12. A method of manufacturing an anode including a step of forming an anode active material layer by forming a precursor layer containing active material particles containing silicon (Si) and lithium (Li) as an element on an anode current collector, heating the resultant, and thereby binding the active material particles to each other by sintering or fusing.

13. The method of manufacturing an anode according to claim 12, wherein active material particles containing silicon and lithium as an element are prepared, the active material particles are supported by the anode current collector, and thereby a precursor layer is formed.

14. The method of manufacturing an anode according to claim 12, wherein particles containing silicon as an element are prepared, the particles are supported by the anode current collector, and then lithium is inserted in the particles, and thereby a precursor layer is formed.

15. The method of manufacturing an anode according to claim 14, wherein particles containing silicon are supported by the anode current collector, and then lithium is vapor-deposited, and thereby lithium is inserted in the particles.

16. The method of manufacturing an anode according to claim 12, wherein a binder is used when a precursor layer is formed.

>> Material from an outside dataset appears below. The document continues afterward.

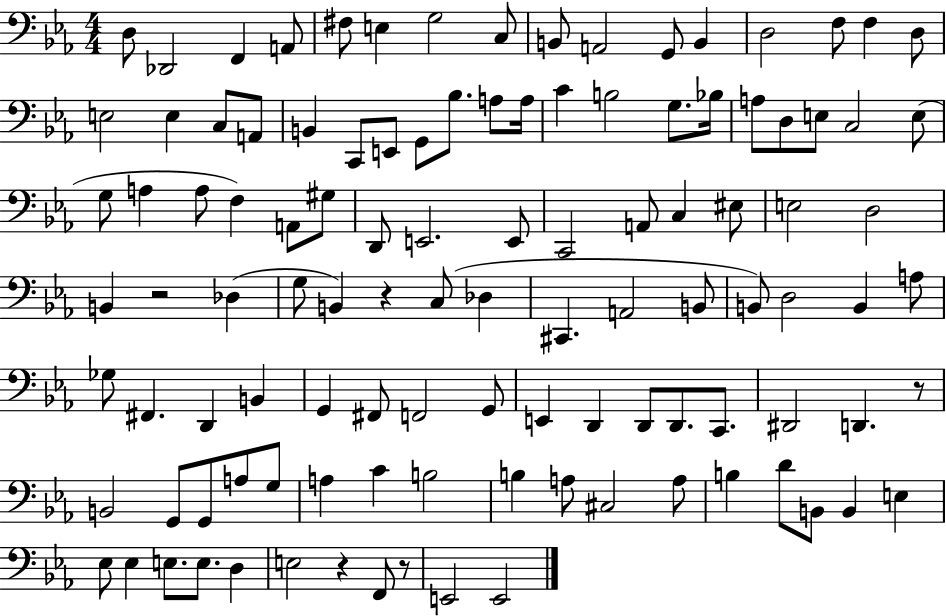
D3/e Db2/h F2/q A2/e F#3/e E3/q G3/h C3/e B2/e A2/h G2/e B2/q D3/h F3/e F3/q D3/e E3/h E3/q C3/e A2/e B2/q C2/e E2/e G2/e Bb3/e. A3/e A3/s C4/q B3/h G3/e. Bb3/s A3/e D3/e E3/e C3/h E3/e G3/e A3/q A3/e F3/q A2/e G#3/e D2/e E2/h. E2/e C2/h A2/e C3/q EIS3/e E3/h D3/h B2/q R/h Db3/q G3/e B2/q R/q C3/e Db3/q C#2/q. A2/h B2/e B2/e D3/h B2/q A3/e Gb3/e F#2/q. D2/q B2/q G2/q F#2/e F2/h G2/e E2/q D2/q D2/e D2/e. C2/e. D#2/h D2/q. R/e B2/h G2/e G2/e A3/e G3/e A3/q C4/q B3/h B3/q A3/e C#3/h A3/e B3/q D4/e B2/e B2/q E3/q Eb3/e Eb3/q E3/e. E3/e. D3/q E3/h R/q F2/e R/e E2/h E2/h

17. The method of manufacturing an anode according to claim 12, wherein a heating temperature is equal to or less than the melting point of the anode current collector.

18. The method of manufacturing an anode according to claim 12, wherein the anode current collector is formed from a material containing copper (Cu) as an element, and a heating temperature is equal to or less than the melting point of copper.

19. A method of manufacturing a battery comprising:

a cathode;

an anode; and

an electrolyte, including a step of forming the anode by forming a precursor layer containing active material particles containing silicon (Si) and lithium (Li) as an element on an anode current collector, heating the resultant, and thereby binding the active material particles to each other by sintering or fusing.

20. The method of manufacturing a battery according to claim 19, wherein active material particles containing silicon and lithium as an element are prepared, the active material particles are supported by the anode current collector, and thereby a precursor layer is formed.

21. The method of manufacturing a battery according to claim 19, wherein particles containing silicon as an element are prepared, the particles are supported by the anode current collector, and then lithium is inserted in the particles, and thereby a precursor layer is formed.

22. The method of manufacturing a battery according to claim 21, wherein particles containing silicon are supported by the anode current collector, and then lithium is vapor-deposited, and thereby lithium is inserted in the particles.

23. The method of manufacturing a battery according to claim 19, wherein a binder is used when a precursor layer is formed.

24. The method of manufacturing a battery according to claim 19, wherein a heating temperature is equal to or less than the melting point of the anode current collector.

25. The method of manufacturing a battery according to claim 19, wherein the anode current collector is formed from a material containing copper (Cu) as an element, and a heating temperature is equal to or less than the melting point of copper.